> STUDY MATERIAL
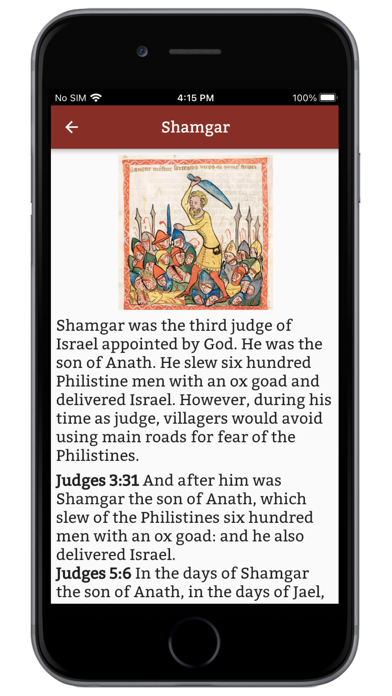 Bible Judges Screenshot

--

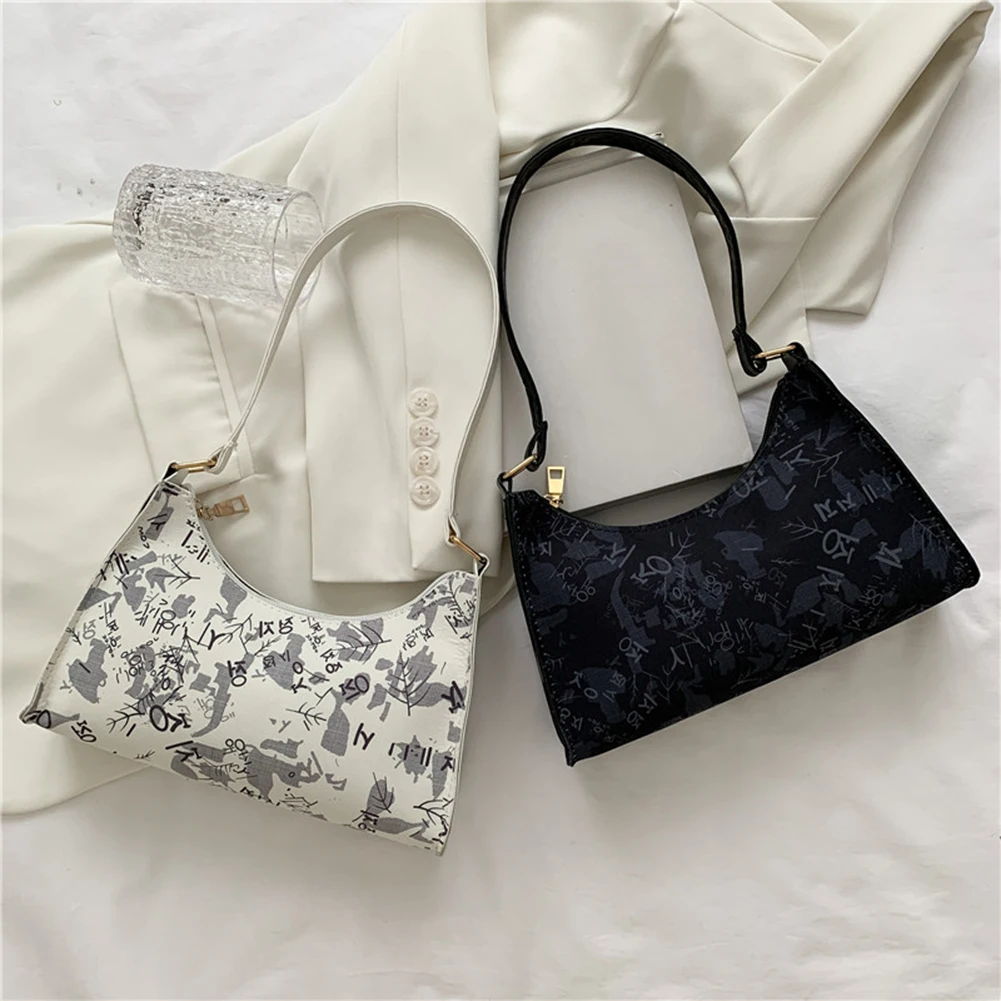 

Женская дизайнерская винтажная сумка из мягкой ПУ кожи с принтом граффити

==

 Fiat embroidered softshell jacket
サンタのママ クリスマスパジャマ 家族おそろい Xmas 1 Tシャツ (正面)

> PROBLEM
Reproduce the entries above exactly, but only the lines between the line holding "Fiat embroidered softshell jacket" and the line holding "サンタのママ クリスマスパジャマ 家族おそろい Xmas 1 Tシャツ (正面)", inclusive.

> RESULT OF THIS EXERCISE
 Fiat embroidered softshell jacket
サンタのママ クリスマスパジャマ 家族おそろい Xmas 1 Tシャツ (正面)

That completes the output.